= John Woodham Dunn =

Rev. J W (John Woodham) Dunn (1812-1883) was an Anglican vicar of Warkworth in Northumberland

==Lifetime ==
The Rev. John Woodham Dunn M.A. was born 17 September 1812. He married Sarah Emily Yarker, the daughter of Rev Luke Yarker JP and Mrs Mary Beata Yarker (née South) on 19 September 1845. (Sarah was born in Stanhope, County Durham in 1821 and died on 2 March 1931). They had a son Hugh Percy Dunn, born 24 August 1854 at Warkworth, Northumberland, England and died 2 March 1931.

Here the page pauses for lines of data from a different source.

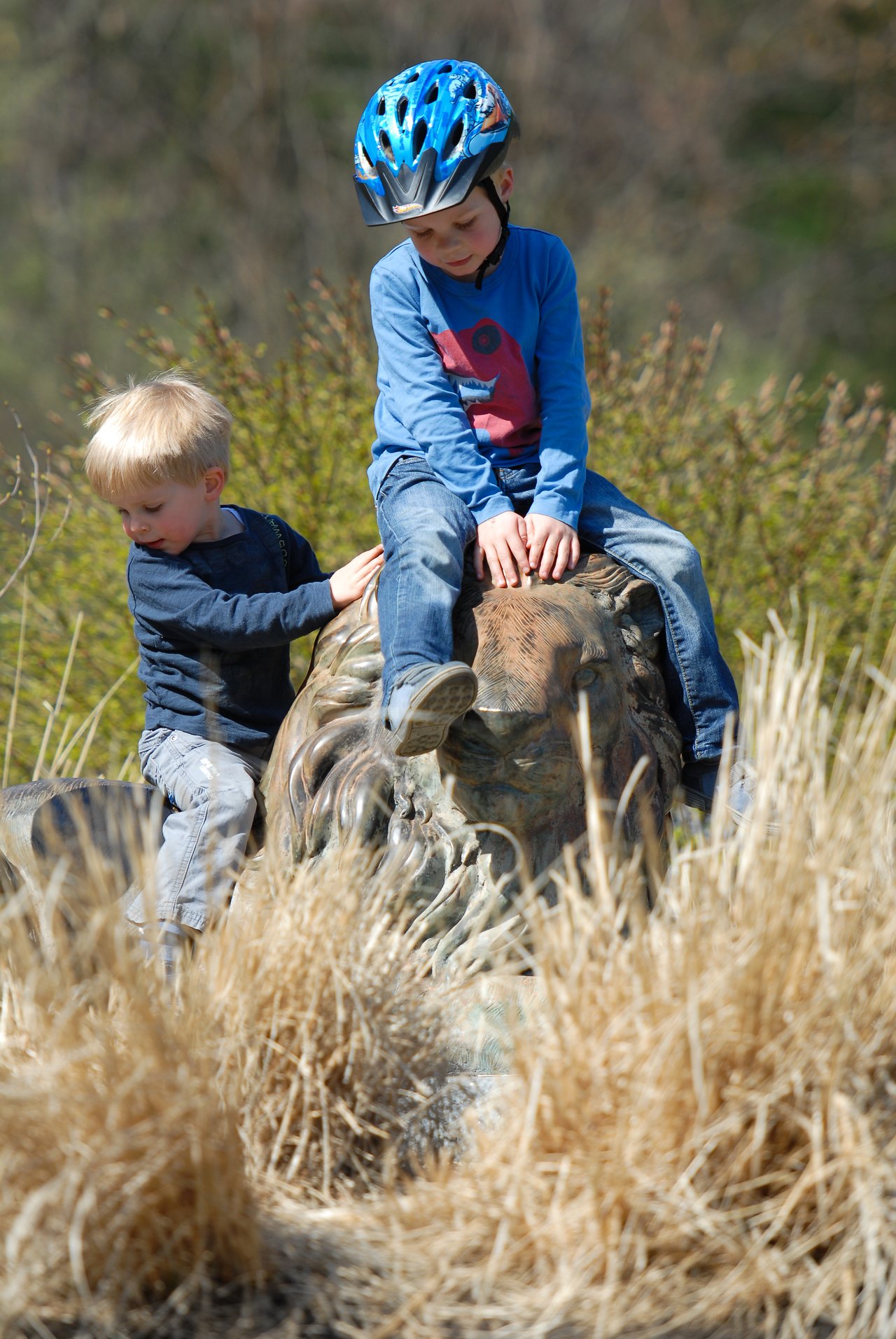 Two children climb and sit on a large lion statue outdoors.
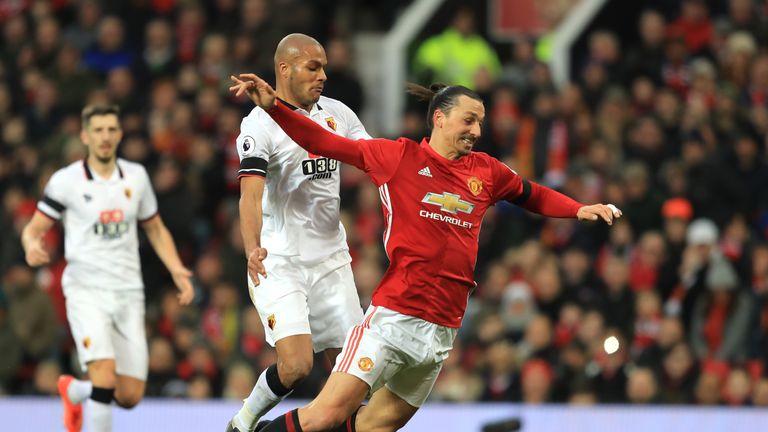 Zlatan Ibrahimovic of Manchester United tumbles under pressure from Watford's Younes Kaboul 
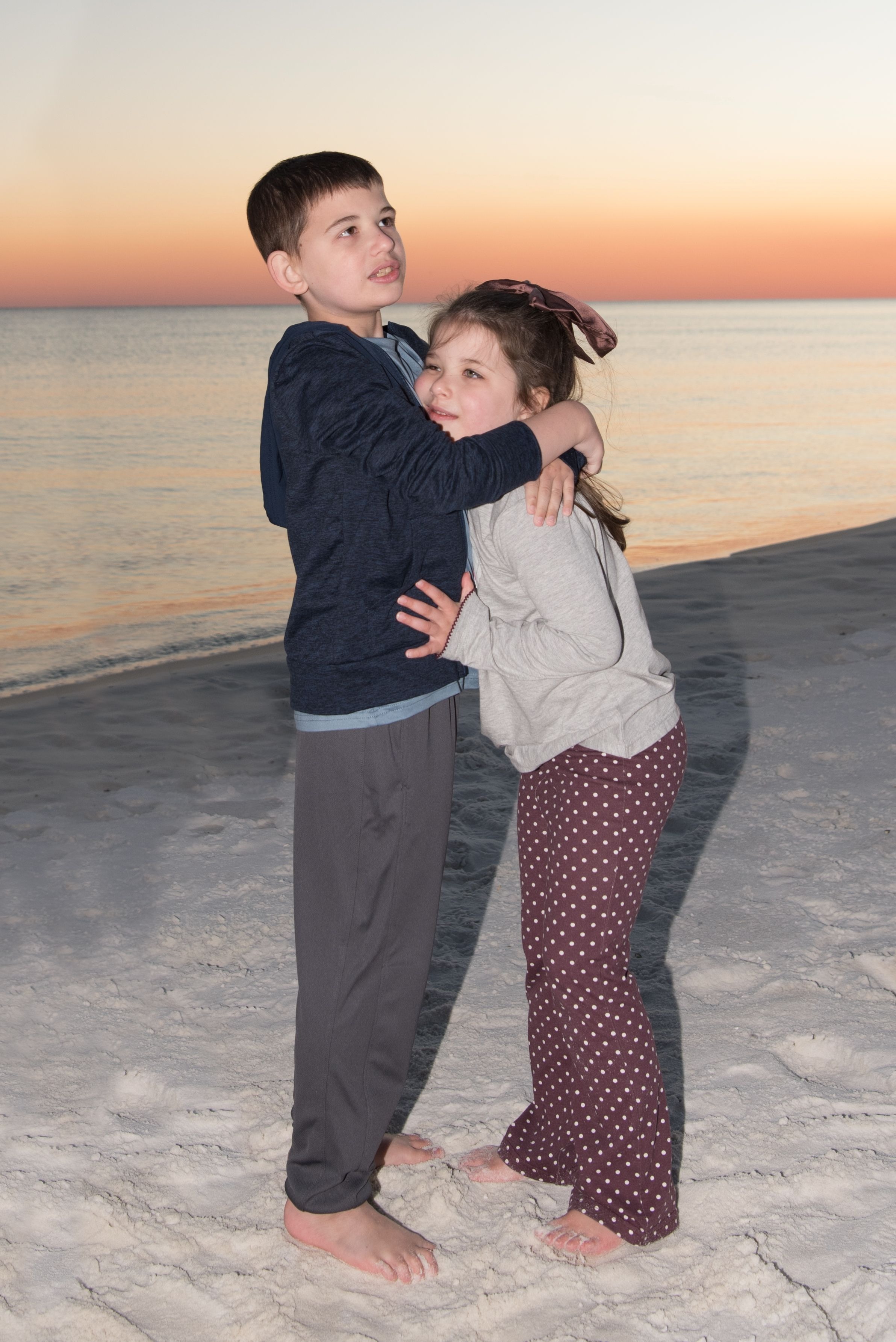 Brother and sister hugs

Dunn gained his BA at Queens' College, Cambridge and was appointed curate of Longhoughton and of Lesbury, and successively vicar of Matterdale and Dalton. In 1853 he became vicar of The Church of St Lawrence, Warkworth. He was awarded an MA in 1866. He died 18 September 1883.

The Church of St Lawrence, Warkworth, was the mother church for many local villages including Amble and during his time here as vicar, he campaigned for many years for Amble’s independence. Eventually, in February 1869 an Order in Council designated the town “a separate district for spiritual purposes”. (In October 1870 a small stone church, dedicated to St. Cuthbert of Lindisfarne and with room for approximately 350 souls, was built).

== Writings ==
Although not a prolific author, he wrote several articles, which included :-

An introductory chapter on “The Castle and Hermitage” which appeared (on pages 42 to 57) in “The Hermit of Warkworth - a Northumberland Ballad in Three Fits”, by Thomas Percy and was described on the cover as “With an introductory chapter upon the castle and Hermitage by the Rev. J. W. Dunn”

A chapter (of 11 pages) “Notices of the ancient vill of Warkworth by John Woodham Dunn” which appeared in “The Berwickshire Naturalists' Club” Volume V in 1863.

An article entitled “Ancient Sepulchral Remains at Amble (with Illustration). By the Rev. J. W. Dunn” appeared on pages 38 & 39 of “Archaeologia aeliana UK Relating to antiquity – volume III (1859).

An article entitled “Warkworth Chancel (with illustrations.)” Rev. J. W. Dunn” appeared on pages 62 of “Archaeologia aeliana UK Relating to antiquity – volume VI (1865).